- **What is expected**
Please return only the lines from the one with "a town with" through the final line of the data, unchanged, with pictures omitted.

- **Given information**

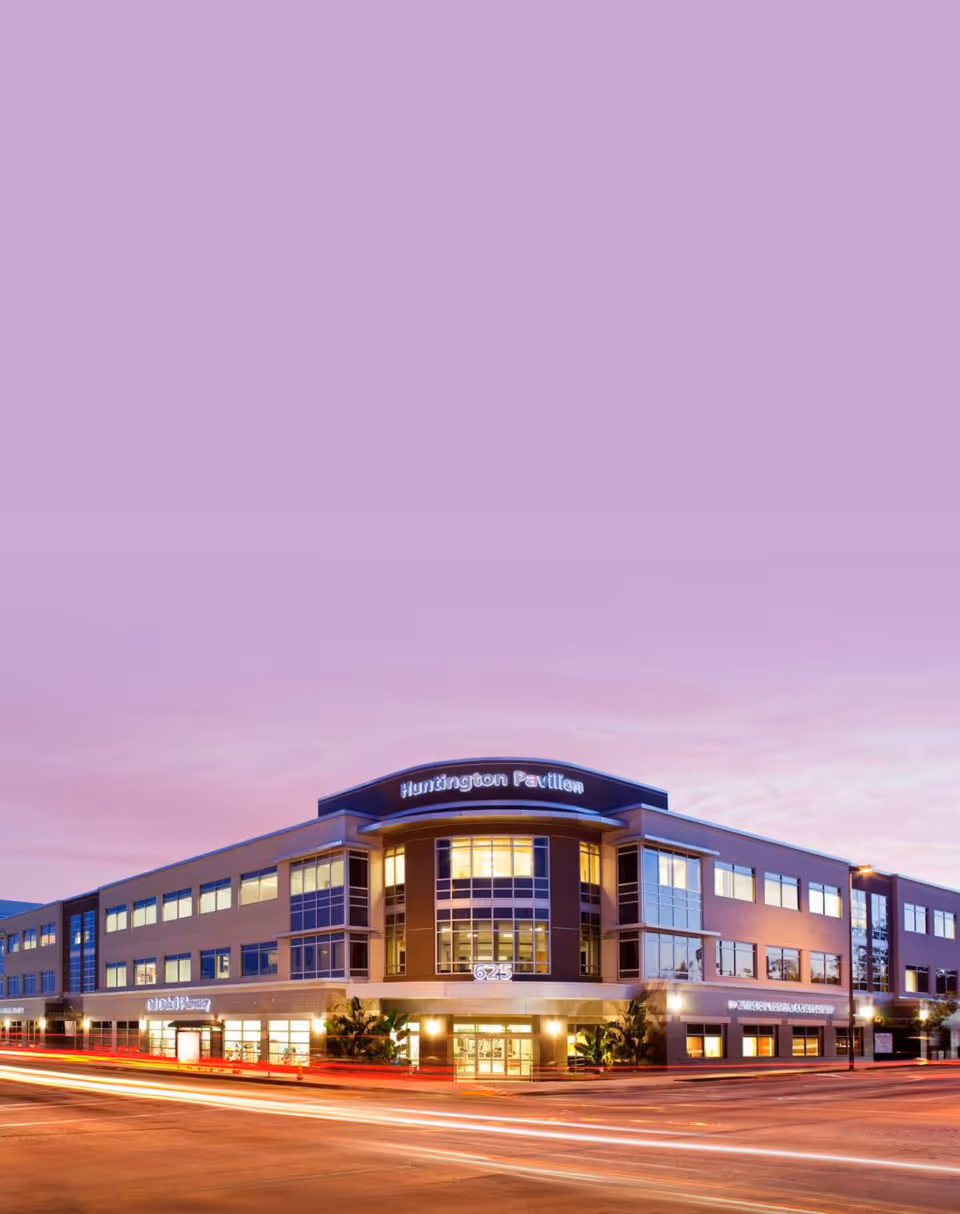 Exterior view of a modern multi-story senior living building at dusk.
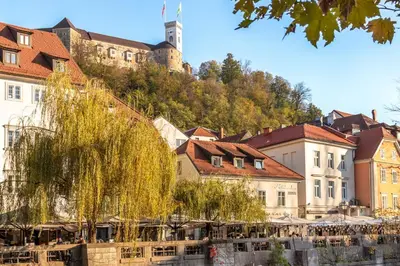 a town with a castle on top of a hill at Central Riverside Apartments Meščanka in Ljubljana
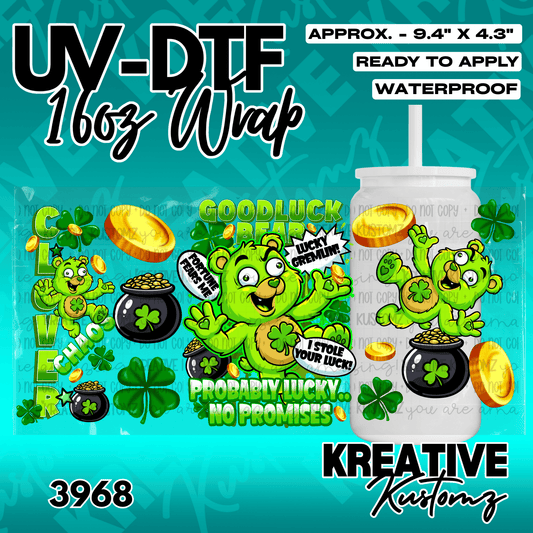 A UV DTF adhesive wrap featuring green cartoon bears, shamrocks, and gold coins for a glass cup.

- **Task solution**
 a town with a castle on top of a hill at Central Riverside Apartments Meščanka in Ljubljana
 A UV DTF adhesive wrap featuring green cartoon bears, shamrocks, and gold coins for a glass cup.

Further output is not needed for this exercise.